** Opening Data below block **
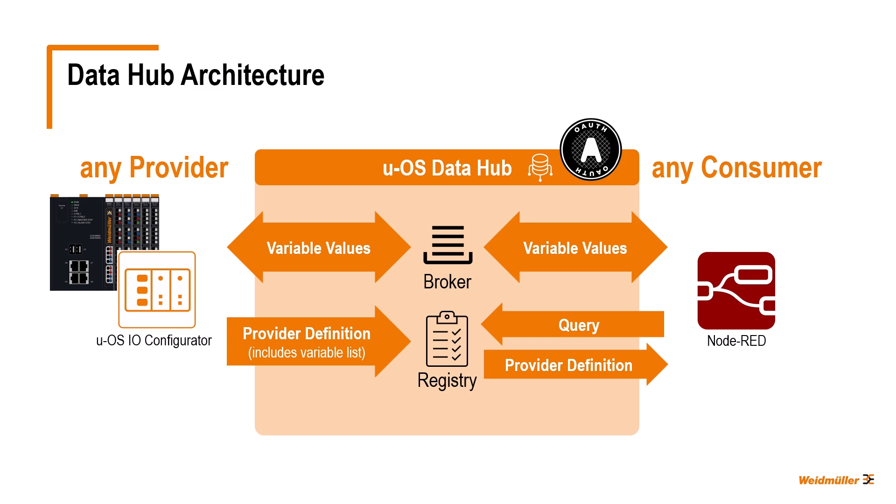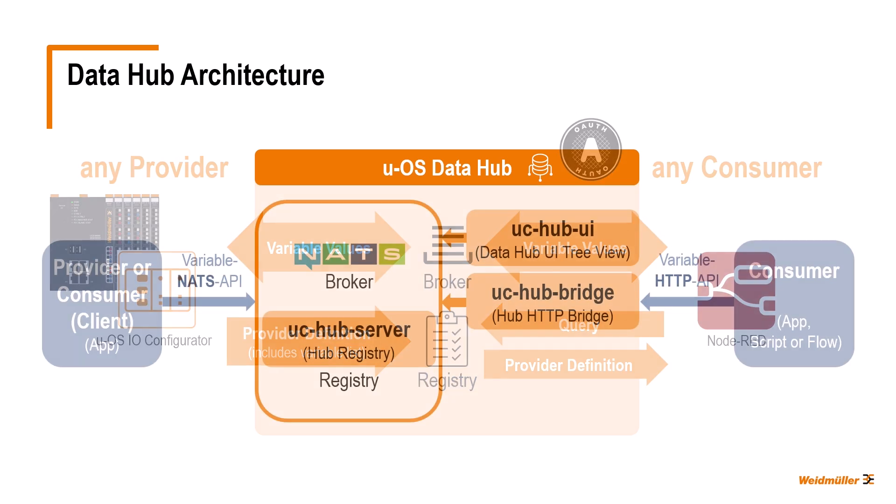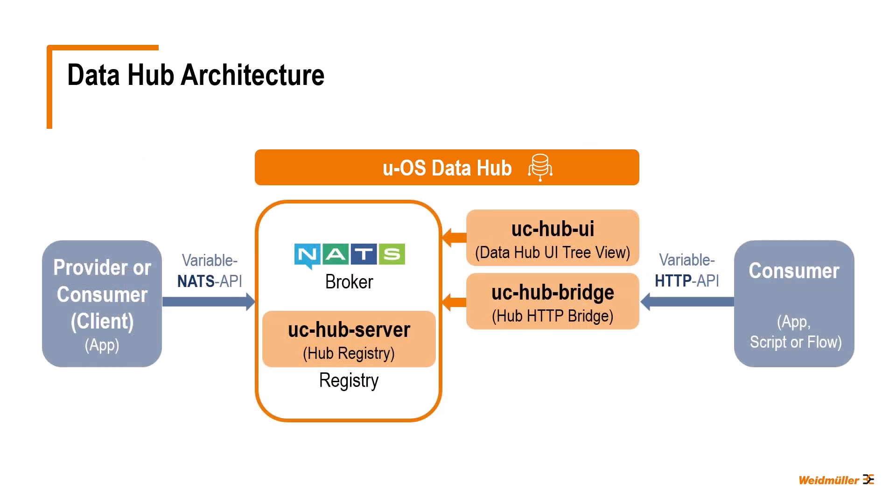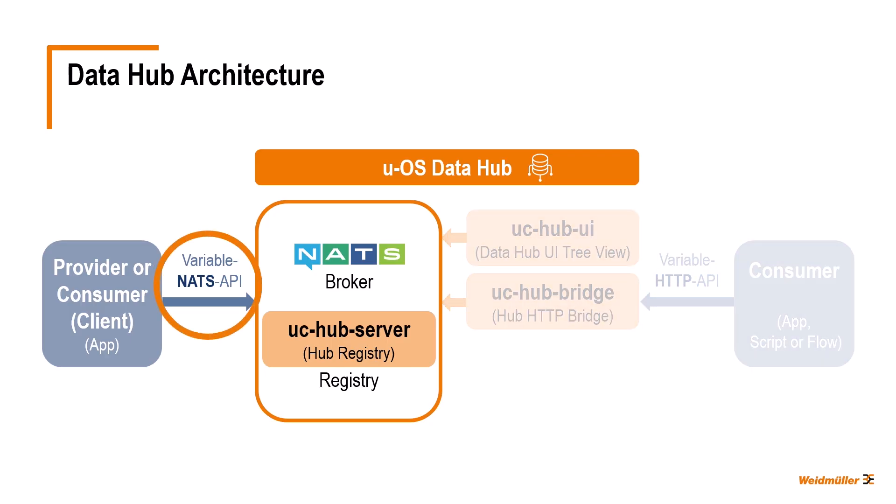In the next part of this tutorial series, I will go one step further and show you how to develop your own apps under UOS that can communicate with other providers via the data hub using the variable NATS API. Stay tuned and see you then.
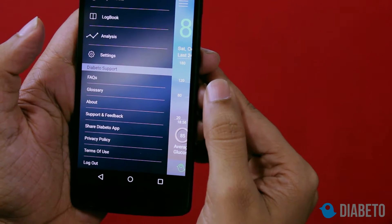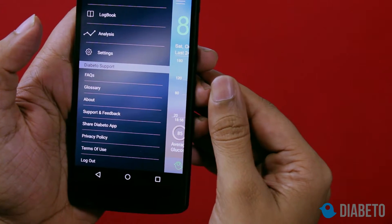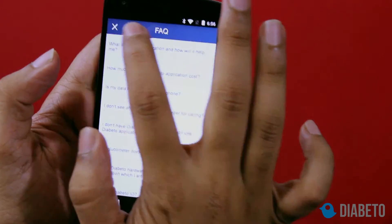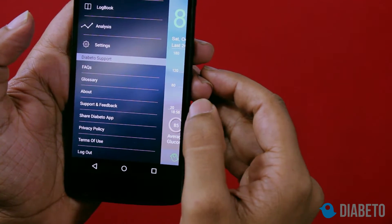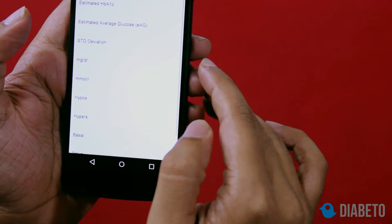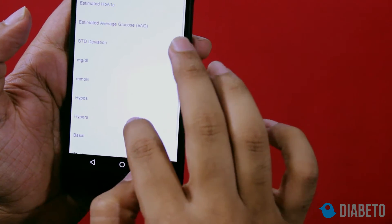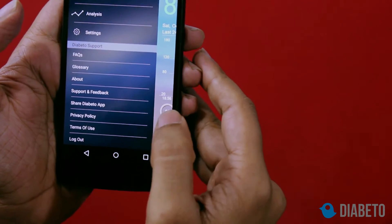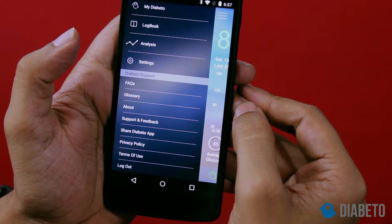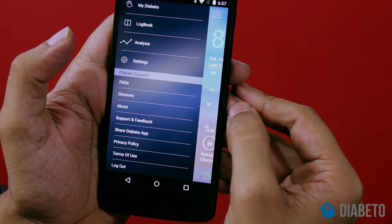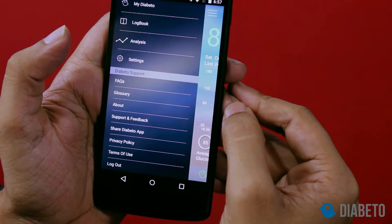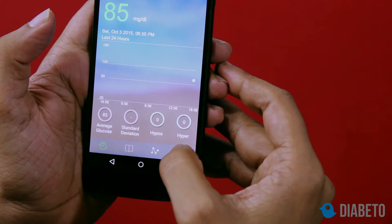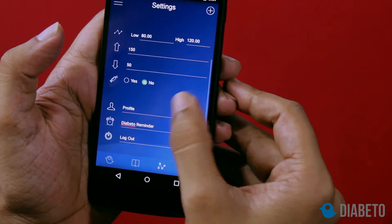This is the diabetes support panel, where you have fields such as FAQs — all the FAQs will be mentioned here. The glossary lists all the standardized terms used in the application. There is also support and feedback. You can share the Diabito application with your fellow diabetes friends, and you can log out whenever you want — the logout button is also in the settings screen.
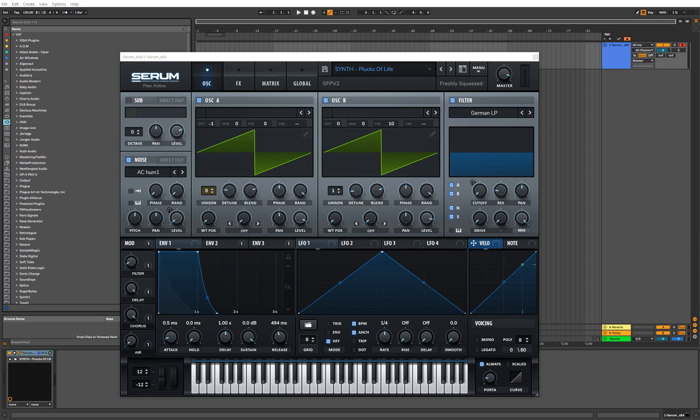Hey guys, this is John with The New Division and welcome to another tutorial. Today I'm going to be showing you how to recreate a simple pluck synth. A pluck synth is going to sound something like this.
** Closing Data below block **
**What the task asks:** All pictures should be dropped; the lines from the one containing "This is the" through the last line of the material are to be set down exactly.

**Written response:**
This is the diabetes support panel, where you have fields such as FAQs — all the FAQs will be mentioned here. The glossary lists all the standardized terms used in the application. There is also support and feedback. You can share the Diabito application with your fellow diabetes friends, and you can log out whenever you want — the logout button is also in the settings screen.
Hey guys, this is John with The New Division and welcome to another tutorial. Today I'm going to be showing you how to recreate a simple pluck synth. A pluck synth is going to sound something like this.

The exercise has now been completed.